A fantastic list of what not to do, followed by how you can help.
As news hit the Internet about Apple Pay being blocked, users have scrambled to respond to CurrentC in the only ways they know how. It started with rage posts on social networks, followed by this odd sort of mutual patting on the back as Android and iOS fans worked together to “teach CurrentC a lesson”. Since that happened, everything from petitions on WhiteHouse.gov to thousands of 1-Star reviews on the Google Play Store and Apple App Store for the CurrentC app coupled with scathing reviews of the app that none of these people had ever used started to filter in from everywhere. Since most users will be using CurrentC through vendor loyalty apps and not through the core CurrentC app, this effort was just about as useful as the White House petition. But hey, iOS and Android fans agreed on something, even if they weren’t totally sure what exactly they were agreeing on due to the volume of misinformation out there.
The truth is, CurrentC is actually going to be incredibly convenient for the average consumer. After attaching their account to the service, users will be able to quickly pay for things through the apps they are already using. Remember, these aren’t just normal payment apps. These are loyalty and rewards apps, and any US citizen who has ever been shopping in a grocery store anywhere will tell you that Americans absolutely love loyalty and rewards programs. We happily shovel over tons of information about ourselves every day in order to get $.20 off half a pound of bacon, and in app form these vendors are able to offer promotions and coupons in real time. CurrentC is not likely to start out with the kind of explosive popularity that Apple Pay enjoyed, but simply by existing in these apps the service will grow at a steady and constant rate. The folks inside MCX know this, because that’s what has happened with things like loyalty credit cards. This is “even better” because it just plugs right into your bank account and gives you all of those same rewards. What convenience-focused consumer wouldn’t jump all over that?

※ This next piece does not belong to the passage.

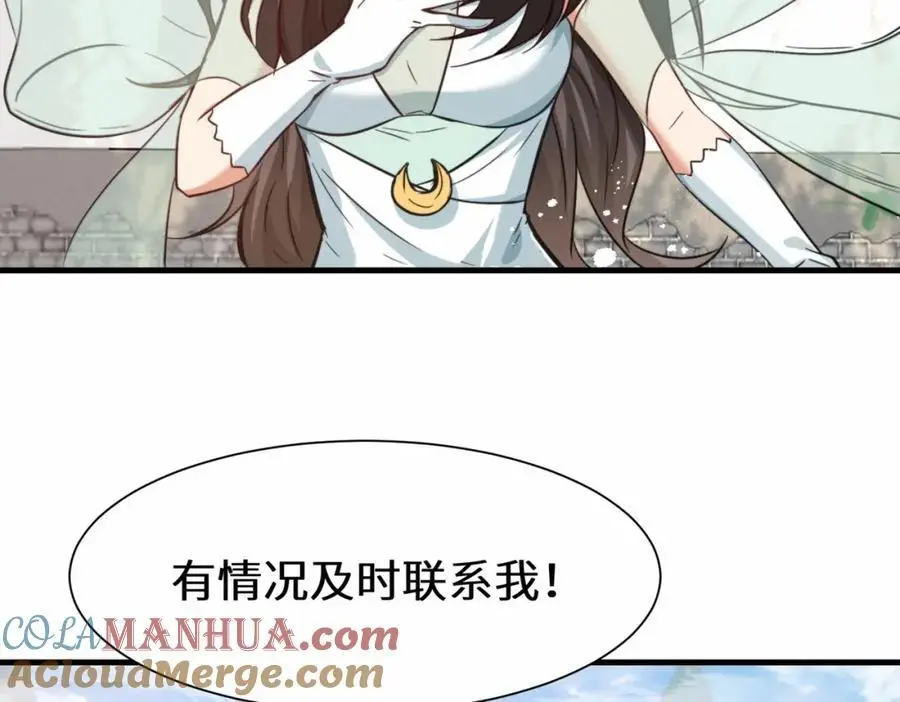第78话 异能者势力交流赛36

Much like everything else security and personal data focused, the only way to ensure users are less likely to sign up for CurrentC, and please carefully read where I said “less likely” and not “defeat”, is through education. Major retailers all over the world want to slurp up all of your personal information, use it to create incredibly targeted ad campaigns, and with any luck use your desire to get $.50 off your next cup of coffee to dramatically decrease the amount they pay each year to companies like Visa and Mastercard. There’s absolutely nothing stopping these companies from selling your data to the highest bidder, and because they have the ability to shut down competing services with the flip of a switch it’s not going to be easy to enjoy an alternative mobile payment solution through many of these retailers.

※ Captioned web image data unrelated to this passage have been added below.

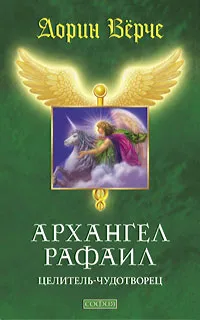 Обложка книги Архангел Рафаил. Целитель-чудотворец, Верче Дорин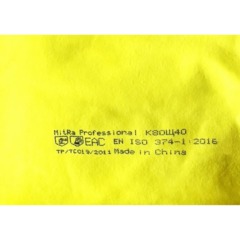 Перчатки MitRa Professional КЩС желтые, р.XL (12 пар/уп.) - фото 4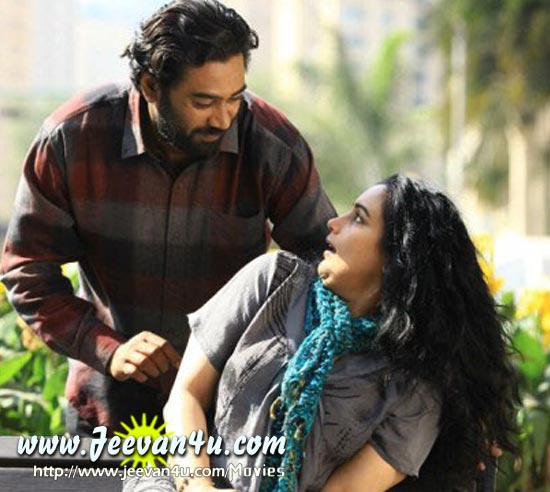 Romantic Swetha Menon Biju Menon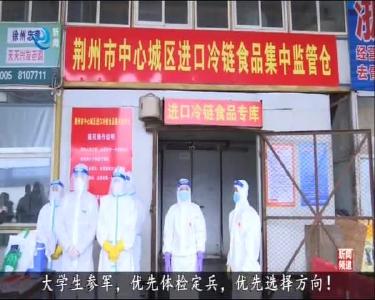 短消息：荆州中心城区进口冷链食品集中监管仓正式运行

CurrentC is obnoxious at worst, but truly dangerous to consumers at best. There’s no amount of angrily shouting on the Internet that will make this service go away, because in those situations the people who would be listening aren’t the target market. Unlike most new technologies, CurrentC doesn’t need the adoption of techy early adopters. It just needs to demonstrate convenience to get the attention needed to take off. Educate the people around you about keeping personal data safe, and make it clear that CurrentC is the exact opposite of keeping your personal data safe.